**Brief**:
Start with the line that holds "Poster 'I Love Limes'". Please copy it and each remaining line below exactly, leaving pictures out.

**Exercise data**:

----------

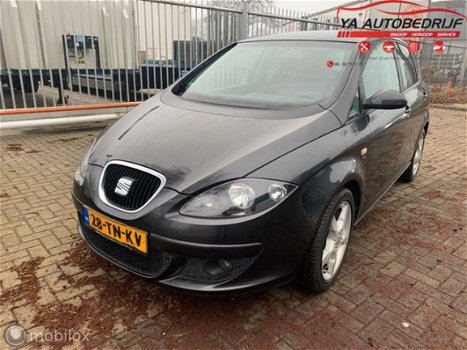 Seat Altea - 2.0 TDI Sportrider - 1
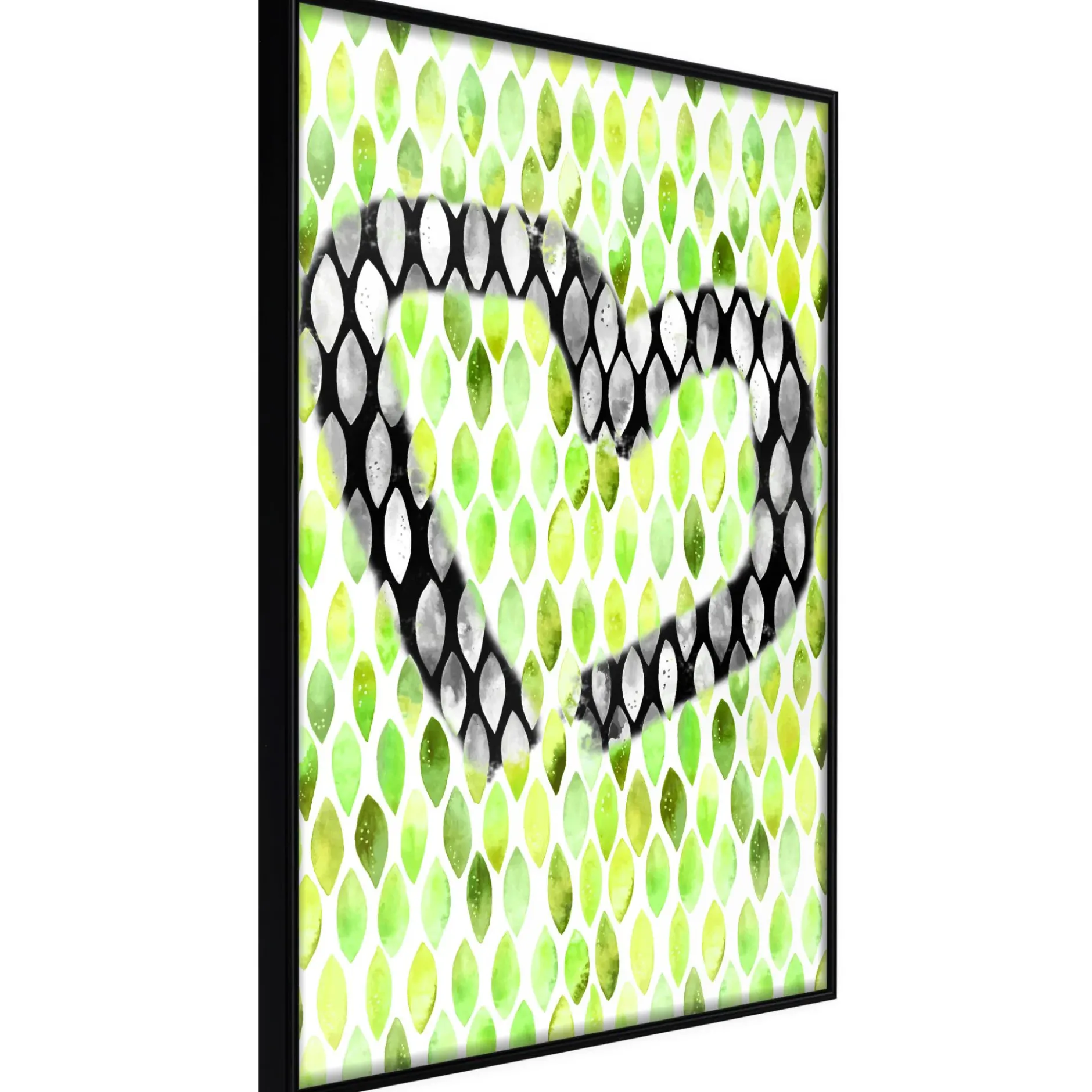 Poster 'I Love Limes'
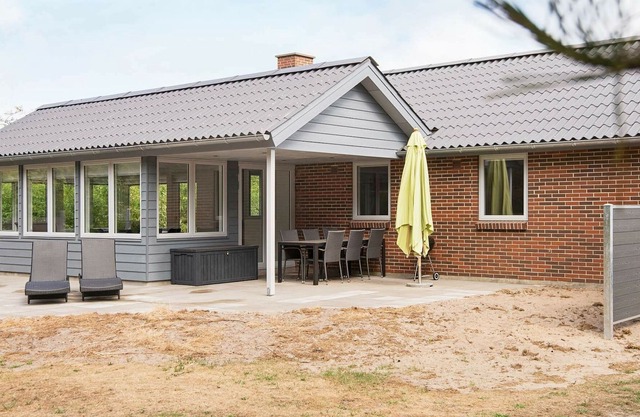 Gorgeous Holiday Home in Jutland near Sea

----------

**Expected answer**:
 Poster 'I Love Limes'
 Gorgeous Holiday Home in Jutland near Sea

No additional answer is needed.